Before the gate was reclosed, Carnelian went out to make sure the way was clear for the next day’s sally. He had just left Earth-is-Strong and the other dragons having wounds tended that their feet had sustained from embedded shards of sartlar bone.

His steps faltered as he came to the edge of the spread of paste the monsters had crushed from the corpses. He wound more turns of cloth across his mouth and nose and pushed on. The outer faces of the immense portals open against the flanks of the towers were coated with gore almost up to the top. The ground was slippery with fat and fluids. Banks rose up on either side that seemed of tallow. Up ahead the Prow rose with its mane of wavering smoke, on its brow its crown of thorns, whose brass throats were vomiting a juddering fury of fire that was keeping the sartlar at bay. A lone colossus amidst the thunder and shrill demonic screaming, it could not hope to keep that rate of firing up for long without being consumed by its own fire.

Carnelian had reached the first bridge. On the other side, upon the killing field, was the escarpment of corpses that had been left when he ordered the dragons back to the fortress. He made his way to the edge of the bridge, going as fast as he could, though loathing each step he took into the quagmire. The rock sloping down to the Cloaca was densely matted with the dead they had shoved over the edge. In the depths he dimly saw that a great mass of corpses now dammed the channel. If the other branch was also choked, the run-off from the Skymere might begin to pool behind it. Perhaps enough to raise the level of the Skymere. The coombs might be flooded. Unexpected rage welled up in him, driving hot tears into his eyes. So what if the palaces of the Masters should be washed into the lake?

‘Celestial?’ It was an Ichorian bleak with horror and disgust. ‘An embassy has come demanding to see you.’

‘An embassy?’

‘Of the Great, Celestial.’

Carnelian watched them approaching, swaying on high ranga, immense in their black shrouds, their masks glinting from within their hoods like the sun through clouds. Ammonites scurried around them ladling a continuous carpet of blue fire before their feet. They came to a halt while still at some distance from him.

‘My Lords,’ he greeted them, coldly.

As they held up their hands to return his greeting, he saw the symbols painted on their pale skin. They were wearing the full ritual protection. One of them stood forward. ‘I am He-who-goes-before.’ He must have sensed Carnelian’s incredulity at such a claim, for he added: ‘Elected, yesterday, by the Clave in full session.’

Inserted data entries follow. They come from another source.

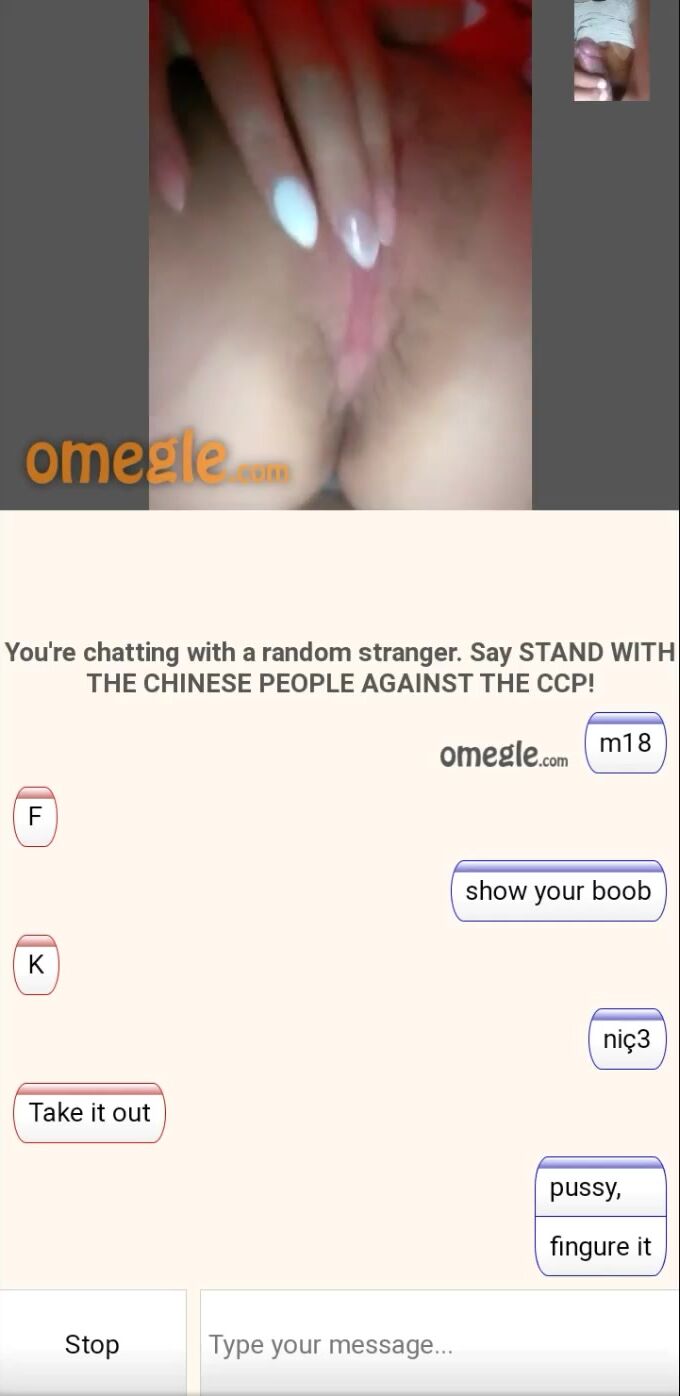 Omegle Fuck - FAPCAT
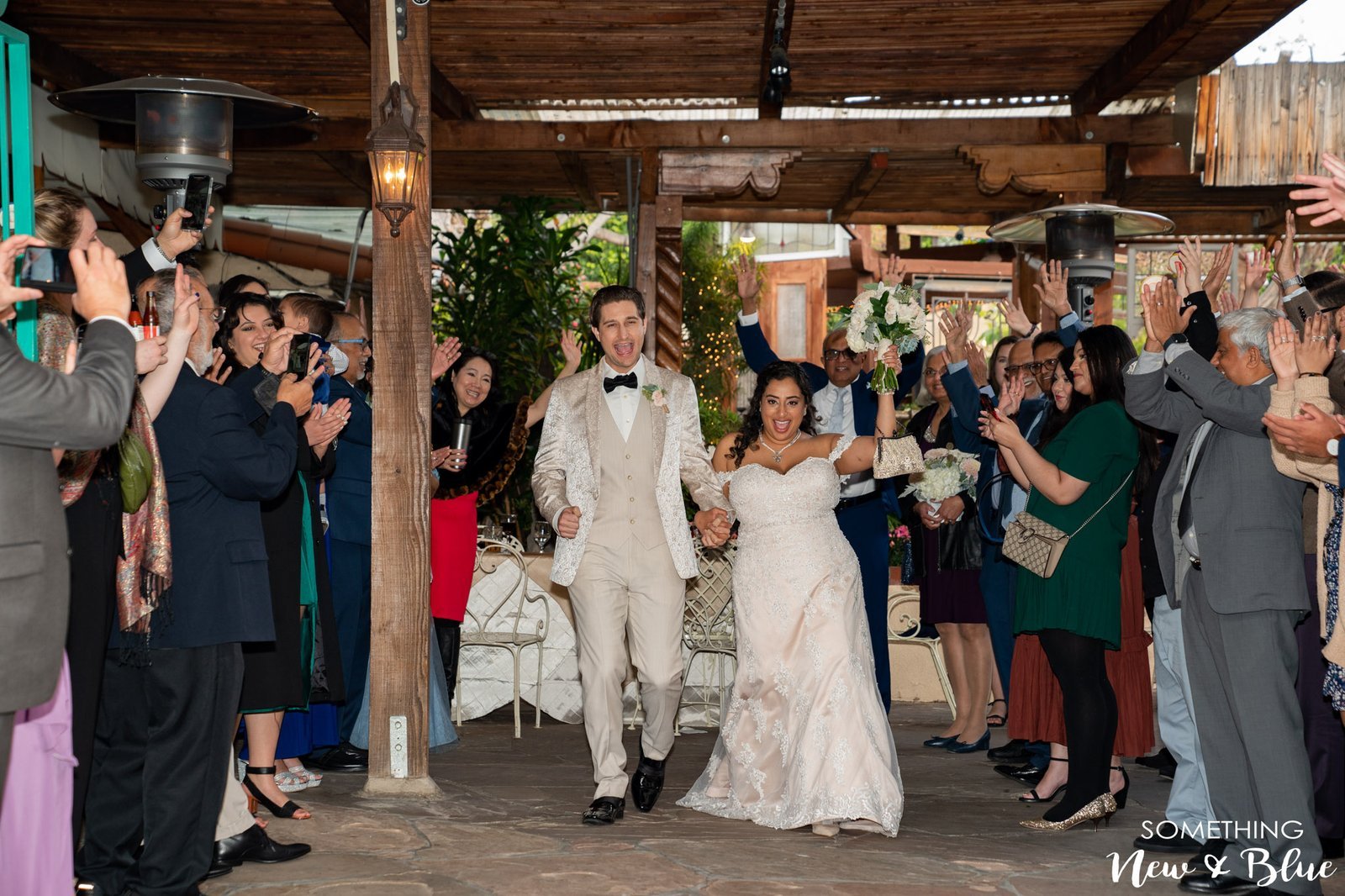 Amanda + Rob at The Hacienda Wedding Santa Ana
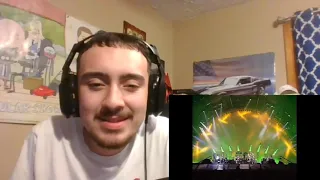 Pink Floyd - Another Brick in the Wall 1994 Concert Earls Court London(REACTION!!)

Without the attendant command of the Red Ichorians, this honour seemed to Carnelian vainglorious. The Master raised his hand, pointing above Carnelian’s head at the smog wreathing the towers of the Blood Gate; the flash and scream of liquid fire. ‘For days all of Osrakum has watched smoke rising from the Canyon. Drifts of it have darkened the skies above the north-west coombs.’

Carnelian lost some composure as he realized that his father and his people must have been oppressed by these signs directly.

‘We have sent demands to the Labyrinth, but They have refused to grant any audience, nor deigned even a reply. So we have been put to the inconvenience of coming here ourselves. What in the names of the Two is happening here, my Lord?’

Carnelian was aware he had not been addressed as befitted his new blood-rank. Such an omission could only be intended as a slight. Perhaps it was an indication of how these Masters were reacting to his appearance. Aloof on their ranga and with the decorum and precaution of their purity, they looked down upon him in his debased, tainted filthiness. He felt nothing but contempt for them.

‘I came here in response to a report that the sartlar gathered outside Osrakum had swarmed into the City. When I arrived I found they had penetrated the Canyon. We do not know what drives them, but they pour towards our defences. Each day we destroy vast numbers of them, but there are always more. They are as numberless as leaves.’

Another of the Masters stepped forward. ‘Why have the legions not been summoned, my Lord, to drive this rabble away?’

‘All contact with the outer world has been broken,’ said Carnelian.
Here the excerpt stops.